Of all the conditions that both doctors and patients still have difficulty understanding, pain is a big one.

Millions suffer from chronic pain conditions every day. There are more pharmaceuticals being developed and taken than ever before, but we still don’t have an exact method for monitoring pain levels or the effectiveness of pain relievers; however, as more researchers and doctors continue studying pain and finding alternatives to addictive opioids, cannabis is emerging as a popular pain treatment tool.

Plenty of people already use cannabis to treat pain. Some studies have confirmed that smoking cannabis can reduce certain types of pain, and it’s becoming more common to see people who frequently endure pain using cannabis and cannabis-based products. In these cases, the treatment often involves both of the main cannabinoids in cannabis, THC and CBD; however, CBD, or cannabidiol, can also reduce pain on its own.

So, to give you a quick overview of the facts, here are five things to know about using CBD to treat pain.

1. CBD may treat both acute and chronic pain

Everyone is familiar with acute pain. Acute pain is a signal from your nervous system alerting your body that something’s wrong. Chronic pain, which you may or may not have experienced, is the same kind of signal, only recurring over extended periods of time rather than as a brief experience.

Although more research needs to be conducted, scientists currently believe CBD may relieve pain by interacting with the endocannabinoid system (ECS). The ECS is a network of chemicals and receptors found throughout the body that affects a wide range of processes, from mood regulation to cell life.

Because CBD increases the levels of the neurotransmitters serotonin and glutamate, both of which may play a role in pain regulation, it may in turn be able to reduce both acute and chronic pain.

2. CBD combined with THC definitely reduces pain

Right now, there’s more available research involving pain and THC, or the combination of THC and CBD, than there is on pain and CBD alone. That’s likely because THC is still better known than CBD, and because THC and CBD are known to have complementary medicinal benefits through the “entourage effect.”

A 2018 study looked at how the cannabis-derived pharmaceutical Sativex, which contains equal parts CBD and THC, helped cancer patients treat their pain. The researchers found that the combination of both cannabinoids did relieve some of the patients’ pain.

3. CBD may be a safe compliment to opioids

In addition to demonstrating that THC and CBD combined can treat pain, the 2018 Sativex study also showed an interesting pattern involving opioids.

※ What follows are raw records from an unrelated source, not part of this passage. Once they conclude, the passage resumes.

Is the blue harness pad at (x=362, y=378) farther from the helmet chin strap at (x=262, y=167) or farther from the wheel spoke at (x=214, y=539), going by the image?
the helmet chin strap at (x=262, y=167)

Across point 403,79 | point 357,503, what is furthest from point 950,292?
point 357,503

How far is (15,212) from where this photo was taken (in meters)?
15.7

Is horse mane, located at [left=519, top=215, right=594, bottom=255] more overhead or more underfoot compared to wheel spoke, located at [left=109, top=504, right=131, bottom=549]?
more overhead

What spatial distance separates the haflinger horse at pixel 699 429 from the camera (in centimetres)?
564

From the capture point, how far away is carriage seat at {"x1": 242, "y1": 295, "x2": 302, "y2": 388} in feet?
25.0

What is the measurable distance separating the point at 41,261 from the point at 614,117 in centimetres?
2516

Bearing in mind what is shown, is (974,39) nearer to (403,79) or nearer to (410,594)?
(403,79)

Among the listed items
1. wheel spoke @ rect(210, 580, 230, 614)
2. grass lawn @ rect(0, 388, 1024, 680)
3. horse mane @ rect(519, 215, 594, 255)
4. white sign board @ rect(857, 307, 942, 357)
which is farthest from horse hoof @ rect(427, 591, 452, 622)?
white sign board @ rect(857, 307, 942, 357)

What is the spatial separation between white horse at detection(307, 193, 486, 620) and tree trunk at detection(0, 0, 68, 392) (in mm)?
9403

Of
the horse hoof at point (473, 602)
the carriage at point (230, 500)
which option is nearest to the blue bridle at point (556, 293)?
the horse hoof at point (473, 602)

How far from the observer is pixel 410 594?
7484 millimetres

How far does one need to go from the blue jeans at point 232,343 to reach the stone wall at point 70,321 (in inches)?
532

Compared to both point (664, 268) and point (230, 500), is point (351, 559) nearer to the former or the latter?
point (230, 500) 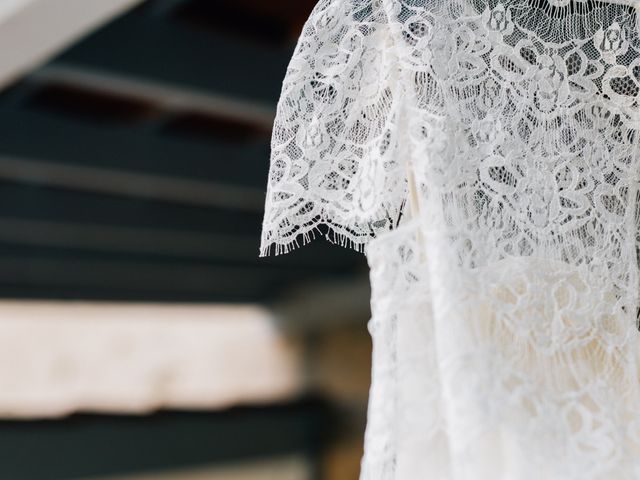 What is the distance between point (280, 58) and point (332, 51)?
8.07 ft

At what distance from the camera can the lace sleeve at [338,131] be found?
0.92 meters

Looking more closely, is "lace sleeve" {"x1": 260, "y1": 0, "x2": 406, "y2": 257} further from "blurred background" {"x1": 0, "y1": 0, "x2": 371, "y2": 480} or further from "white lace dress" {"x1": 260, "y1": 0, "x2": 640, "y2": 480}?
"blurred background" {"x1": 0, "y1": 0, "x2": 371, "y2": 480}

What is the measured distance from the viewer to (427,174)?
0.88 m

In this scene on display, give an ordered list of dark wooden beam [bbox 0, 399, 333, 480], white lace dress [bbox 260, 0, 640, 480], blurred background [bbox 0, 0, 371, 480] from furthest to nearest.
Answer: dark wooden beam [bbox 0, 399, 333, 480]
blurred background [bbox 0, 0, 371, 480]
white lace dress [bbox 260, 0, 640, 480]

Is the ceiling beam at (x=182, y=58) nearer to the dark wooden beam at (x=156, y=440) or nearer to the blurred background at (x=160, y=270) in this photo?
the blurred background at (x=160, y=270)

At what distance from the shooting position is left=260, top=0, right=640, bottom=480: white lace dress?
85 centimetres

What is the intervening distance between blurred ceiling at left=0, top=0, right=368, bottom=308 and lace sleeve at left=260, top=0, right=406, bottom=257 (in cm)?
225

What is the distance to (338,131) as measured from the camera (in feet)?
3.12

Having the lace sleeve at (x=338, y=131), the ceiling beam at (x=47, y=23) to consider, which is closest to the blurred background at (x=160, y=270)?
the ceiling beam at (x=47, y=23)

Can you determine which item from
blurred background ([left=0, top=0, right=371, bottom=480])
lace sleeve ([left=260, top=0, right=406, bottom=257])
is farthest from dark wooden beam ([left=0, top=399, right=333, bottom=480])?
lace sleeve ([left=260, top=0, right=406, bottom=257])

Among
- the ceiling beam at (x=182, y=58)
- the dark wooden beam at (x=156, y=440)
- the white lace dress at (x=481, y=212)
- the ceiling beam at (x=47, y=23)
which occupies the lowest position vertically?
the dark wooden beam at (x=156, y=440)

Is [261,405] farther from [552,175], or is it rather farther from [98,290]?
[552,175]

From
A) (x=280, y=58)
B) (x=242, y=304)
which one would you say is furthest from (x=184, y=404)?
(x=280, y=58)

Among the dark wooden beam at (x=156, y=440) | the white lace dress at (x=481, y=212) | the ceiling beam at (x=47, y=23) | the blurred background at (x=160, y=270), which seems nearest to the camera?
the white lace dress at (x=481, y=212) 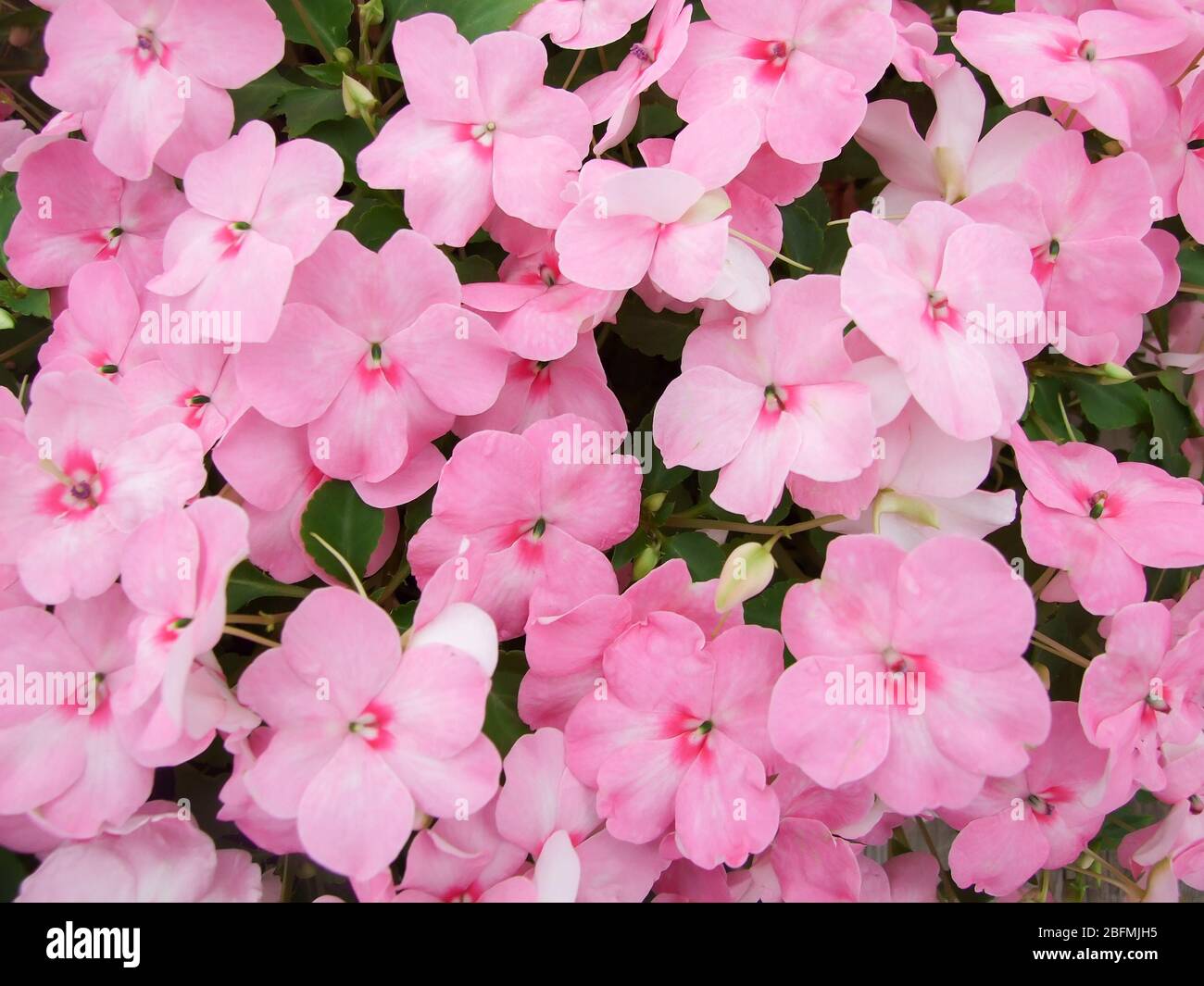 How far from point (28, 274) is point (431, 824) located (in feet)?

Most of the patients in the study had also previously been prescribed opioid-based pain relievers as part of their cancer treatment. Researchers saw that the patients living in the U.S. experienced greater benefits from Sativex than non-U.S. patients. They hypothesized that these increased benefits may be a result of the U.S. patients taking fewer opioids than the non-U.S. patients.

Since CBD is not addictive, there may be opportunities for people treating pain with opioids to use CBD as a safe, complementary pain reliever. Additionally, patients who can’t tolerate opioid therapy may benefit from CBD.

4. CBD may treat root causes of pain, like inflammation

Studies have shown that CBD has anti-inflammatory properties. CBD does this by interacting with the endocannabinoid system, which, among other things, regulates immune responses and can trigger or reduce inflammation.

By indirectly engaging with the ECS, CBD can reduce and possibly prevent inflammation. This can play a role in pain treatment for conditions that either involve painful swelling, like arthritis, or can be exacerbated by swollen joints and limbs, like diabetes.

5. CBD could be especially helpful for joint pain

One 2017 study looked at how people use CBD for pain relief. It found that CBD was particularly popular among people with joint pain.

As part of their study, the researchers reviewed a survey of patients with fibromyalgia, arthritis, or neuropathic pain, who all used cannabis for their pain. More than half the patients in each group reported “almost complete overall pain relief.”